Fría, calculadora, extremadamente racional y con un desprecio innecesario a los temas que involucraban amor. Prefería ser la otra, el secreto sucio de las parejas, la manzana de la discordia.

Amaba ser amada, pero odiaba amar.

Conocer aquella faceta cuando la consideraba el amor de mi vida significó un vuelco a la realidad.

Pese al sufrimiento jamás pude juzgarla lo suficiente. Al lado de ella me sentía el reo más buscado por el FBI. Todos sabían de mis cuentas, de mis falencias, las calles de Buenos Aires estaban empapeladas con mi nombre y cara, con una foto mía en el centro de cada cartel adornada con cuernos; no obstante, también estaba al tanto que esa atracción que sentía por ella, otros también la experimentaban. Y ahí estaba yo, paseando por Caballito, al lado de la mujer más codiciada de su generación.

Colar a Carmen entre mis pensamientos significó un retroceso de cinco años. Su figura, sus tacones talla 39 y el vestido negro ceñido a la cintura que usó la última noche que le vi se presentaron delante de mí. La veía, la sentía, la acariciaba y la llevaba al ritmo que me indicaba la melodía de fondo. El último tango se hizo eterno, quejas de un bandoneón resonó en mi cabeza todo el trayecto hasta su casa.

― Cariño ―utilizó el condescendiente tono que utilizan las personas al darte una mala noticia ―hoy fue nuestra última salida.

Mi semblante se desencajó, como si el tono compasivo me hubiera abofeteado.

― ¿A qué se debe la noticia? ― pregunté fingiendo desinterés. No podía demostrarle cuanto me habían dolido sus palabras.

― Viajaré a Córdoba mañana por la mañana, conseguí trabajo en Rio Cuarto.

― Bien.

― Perdón por decírtelo ahora, no sabía cómo hacerlo ― trató de mantenerme la mirada, pero esquivé sus ojos cafés.

― ¿Irás con alguien? ― la duda se me presentó con el mismo peso que una certeza. Allí había gato escondido.

― Algo así.

Asentí, sin mediar palabras.

― Buen viaje ― destrabé las puertas del coche y silenciosamente le invité a escabullirse por ellas.

― Cariño… ―alzó su mano para acunar mi mejilla; volví a esquivarle.

― Buen viaje, Carmen.

Con la frente en alto y sin volver la vista hacia atrás salió del auto, contorneándose en su andar y haciendo sonar con exageración el taco aguja contra la acera.
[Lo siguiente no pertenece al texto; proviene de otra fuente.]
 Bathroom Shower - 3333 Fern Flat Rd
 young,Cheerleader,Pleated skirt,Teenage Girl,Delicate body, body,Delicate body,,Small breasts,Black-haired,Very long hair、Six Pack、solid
No quité mis ojos de su figura hasta que ésta desapareció tras la puerta.

Borré su número, guardé sus fotos en la caja fuerte tras la alacena y encajoné su recuerdo.

A los quince días posteriores la casa se puso en alquiler, a partir de entonces todos los jueves por la noche comencé a dar vueltas por su vecindario hasta agotar la nafta, rememorando su recuerdo e imaginando que nuestra despedida no había sido tan fría y hostil, imaginando que aún quedaba una mota de cariño entre ambos.
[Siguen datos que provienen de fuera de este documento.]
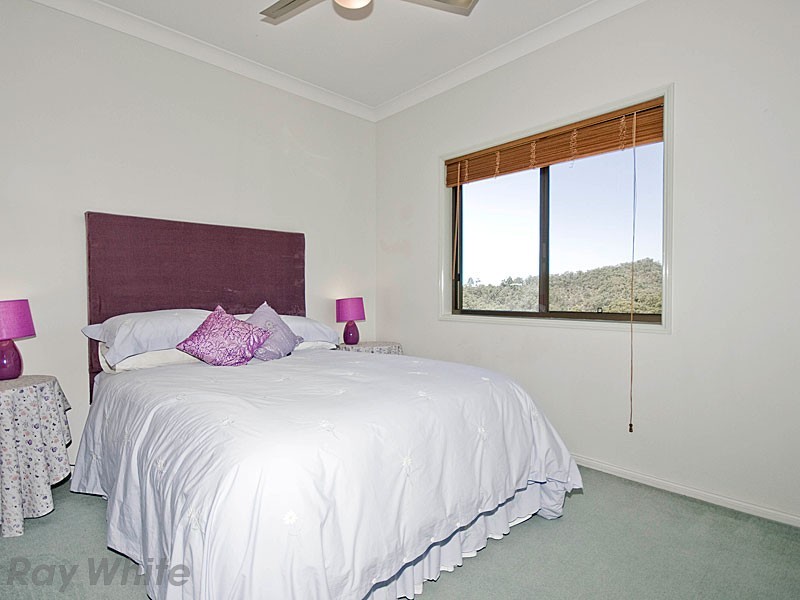 1 Woodland Drive, Pullenvale QLD 4069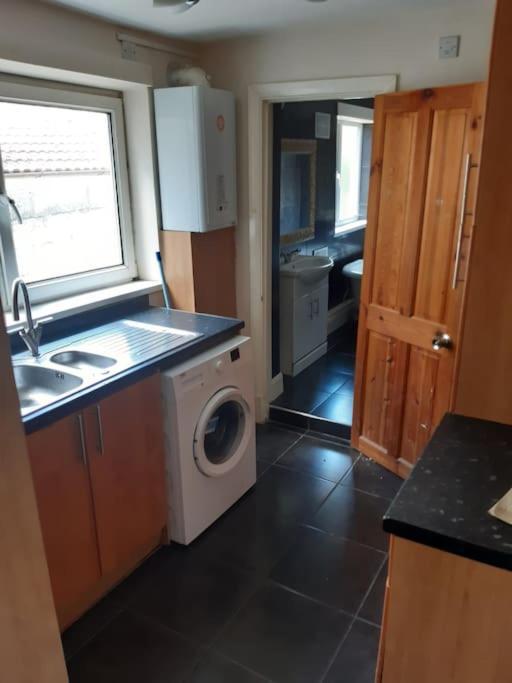 Medway Getaway - 3 Bed Home With Luxury Bathroom Chatham  Exterior photo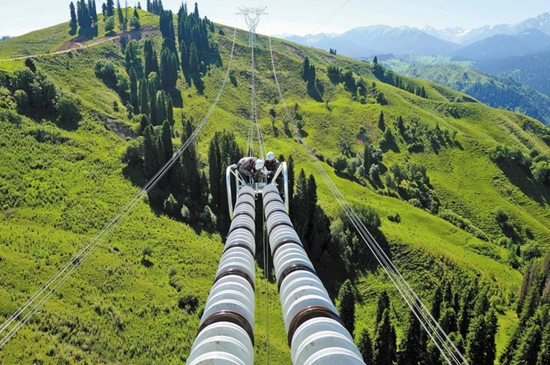 國網新疆電力員工驗收750千伏伊庫線跨越天山段線路。 富光明 攝
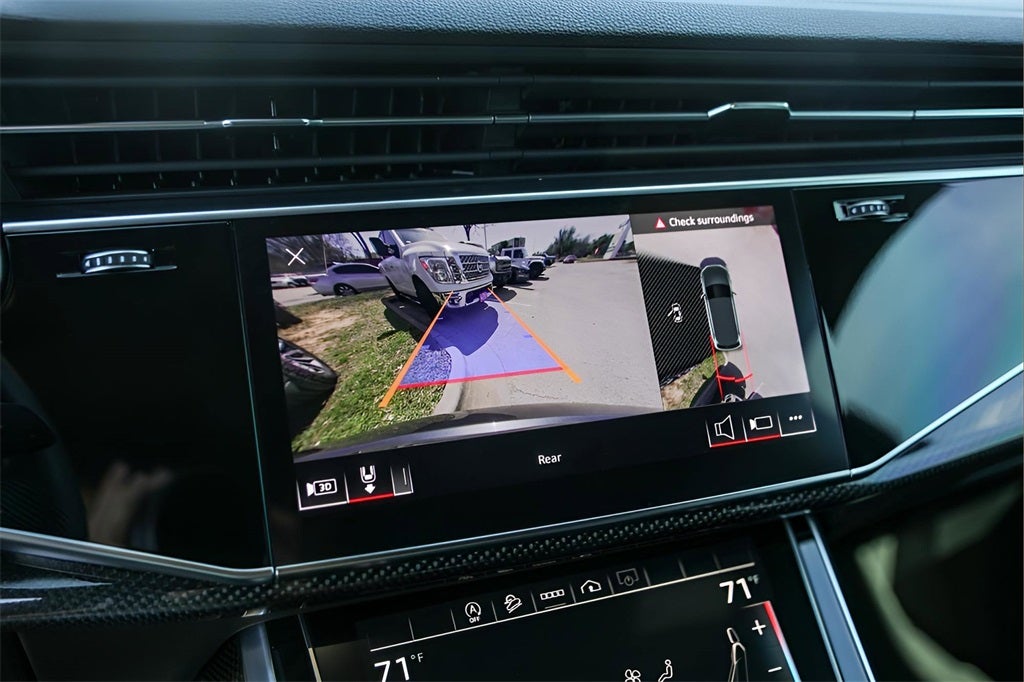 2023 Audi SQ7 Premium Plus quattro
Encorvé los hombros y sentí el peso del recuerdo caer completamente sobre mí. Luego me dediqué a echar a andar, perdiéndome en las escenas que aún perduraban en mi cabeza. Sin prestar un gramo de atención a mi alrededor anduve en incesantes círculos por lo que, supuse, fueron días. Así hasta caer rendido en un suave pastizal con espinas sin rosas.

No tuve noción del tiempo, pero en un momento impreciso algo se retorció dentro de mí, algo aterrador y malévolo y, aunque me costó identificarlo, logré dar con su identidad. Se trataba de ese placer estrecho y hormigueante que te sacude los nervios cuando te das cuenta que tu alma abandona tu cuerpo.

Bienvenido al paradigma de la literatura, al juego de la vida.

Finalmente, derrotado por la vana esperanza de la seducción.